1. Project Context and Design Objectives#

The EM-4 is a successor to SIGMA-1 (128-PE dataflow supercomputer, ETL, operational 1988, >100 MFLOPS). SIGMA-1 PEs were multi-chip (several gate arrays + large memory); direct scaling to 1000+ PEs was impractical due to hardware volume and architectural complexity.

EM-4 design objectives:

1000+ PE machine for general use (numerical, symbolic, simulation)
Single-chip PE (the EMC-R) to make scaling feasible
O(N) interconnection network (vs O(N log N) for multi-stage networks)
Improve dataflow execution efficiency via new computation model

The 80-PE prototype was the first step toward a 1024-PE target. The EMC-R chip was designed with a 1024-PE global address space even though the prototype only used 80 PEs.

2. Identified Defects of Prior Dataflow Architectures#

The EM-4 papers explicitly list six defects of "conventional" (i.e. Manchester-style) dataflow machines. These are worth documenting because several of them drove design choices in our architecture too.

D1. Circular pipeline underutilisation at low parallelism. When fewer tokens are in flight than N×S (N = PEs, S = pipeline stages), the circular pipeline has bubbles. A single token going round the loop achieves throughput < 1 instruction per pipeline circulation time. No advanced control mechanism exists to fill the gap.

D2. Packet-based architecture cannot exploit registers. If every intermediate result becomes a packet and re-enters the PE through the input queue, there is no way to keep frequently-used values in fast local storage. This also prevents fine-grained pipelining within a single computation thread.

D3. High matching overhead (colored token style). Associative memory or hashing for color matching requires complex control logic and significant time per match operation.

D4. Excessive packet traffic. Every inter-node communication is a packet, even between nodes that always execute on the same PE. The network becomes the bottleneck.

D5. No resource management primitives. Mutual exclusion (test-and-set, compare-and-swap) requires serialisation, which is difficult in a pure dataflow model where any node can fire at any time.

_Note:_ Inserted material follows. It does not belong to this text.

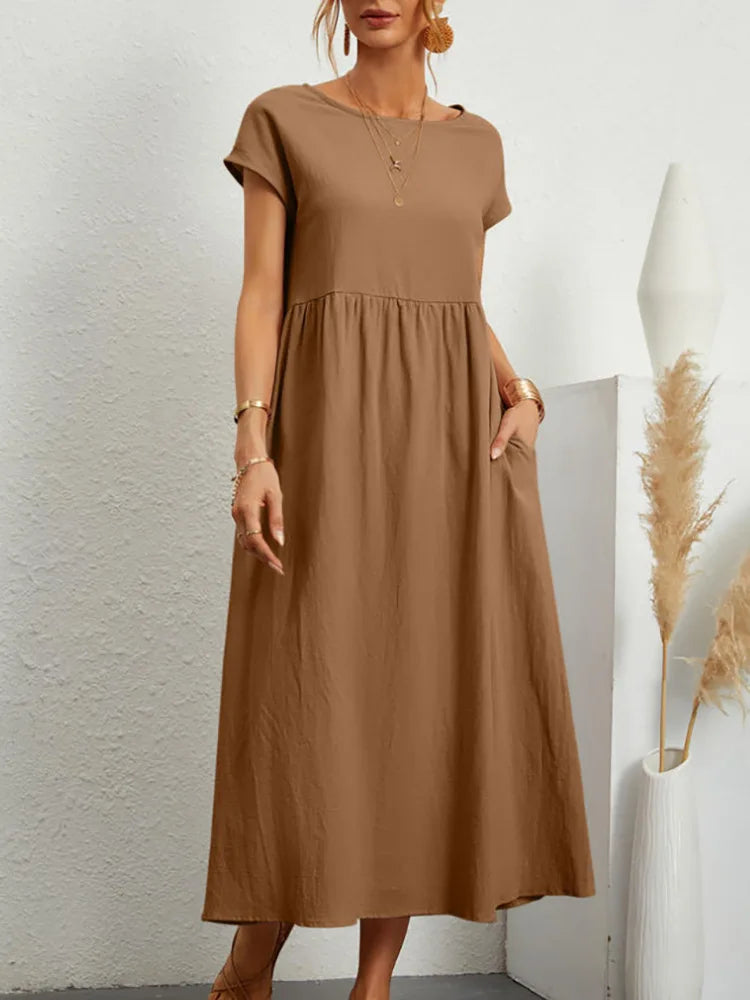 Sottile ed elegante Abito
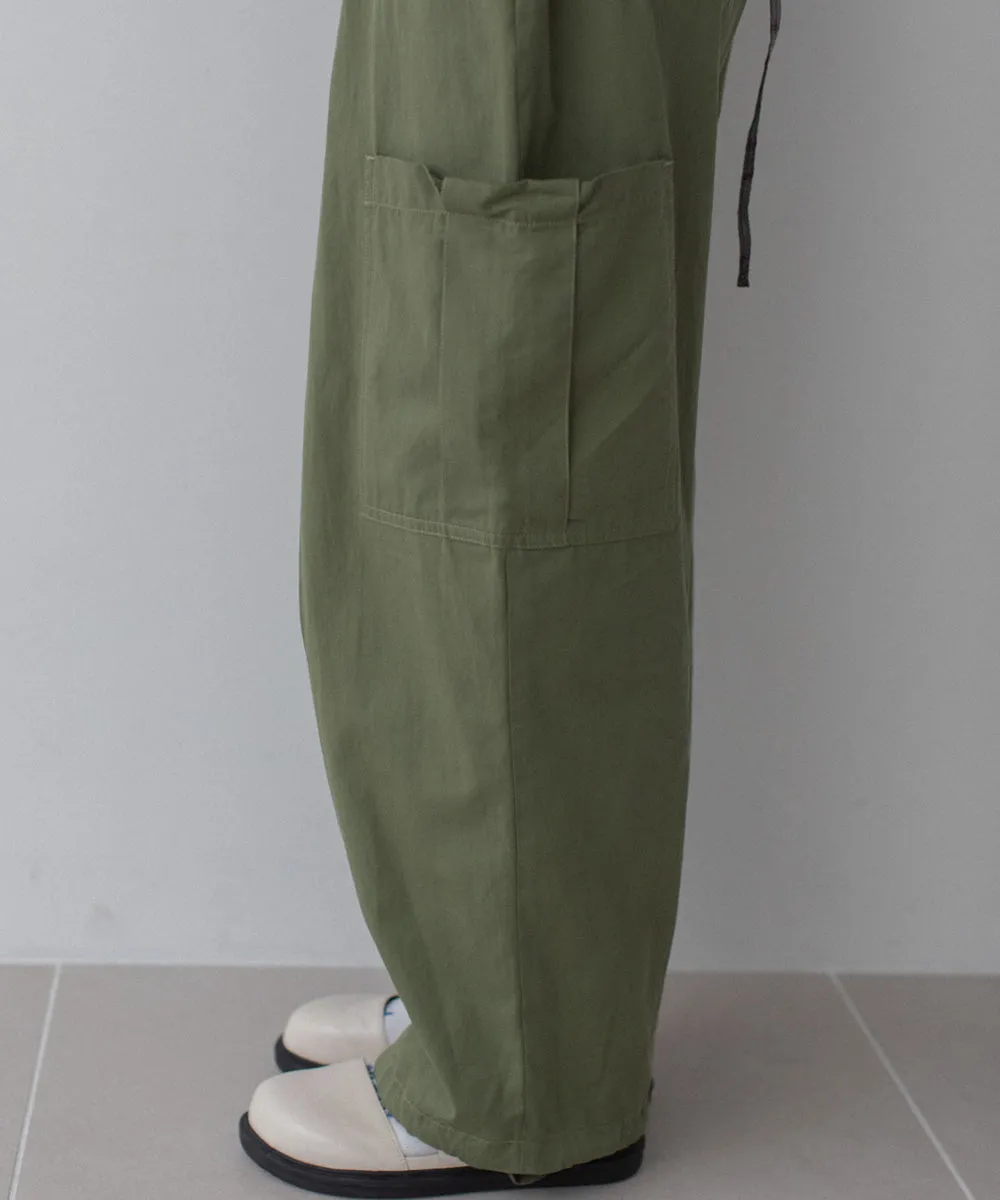 volume cargo pants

D6. Garbage token cleanup overhead. Conditional branches (switches) produce garbage tokens on the not-taken path. Collecting these at program end is expensive.

Relevance to Our Design#

D1: partially addressed by our monadic bypass (skip matching for single-input ops). Strongly connected blocks (deferred) would address it more completely.
D2: we currently have no register file. The matching store SRAM serves as temporary operand storage. SM serves as shared scratch. A register file is deferred pending strongly connected block implementation.
D3: solved — our direct-indexed matching with wire concatenation addressing has zero associative lookup overhead, same as the EM-4's direct matching.
D4: partially addressed by static PE assignment (compiler places communicating nodes on the same PE to avoid network traffic). Strongly connected blocks would further reduce intra-PE packet overhead.
D5: SM with RMW operations provides atomic primitives. I-structure semantics (deferred) will add synchronising memory.
D6: generation counters handle stale token detection. The cancel bit approach (EM-4's C field in the data part) is noted as a potential addition. See open items.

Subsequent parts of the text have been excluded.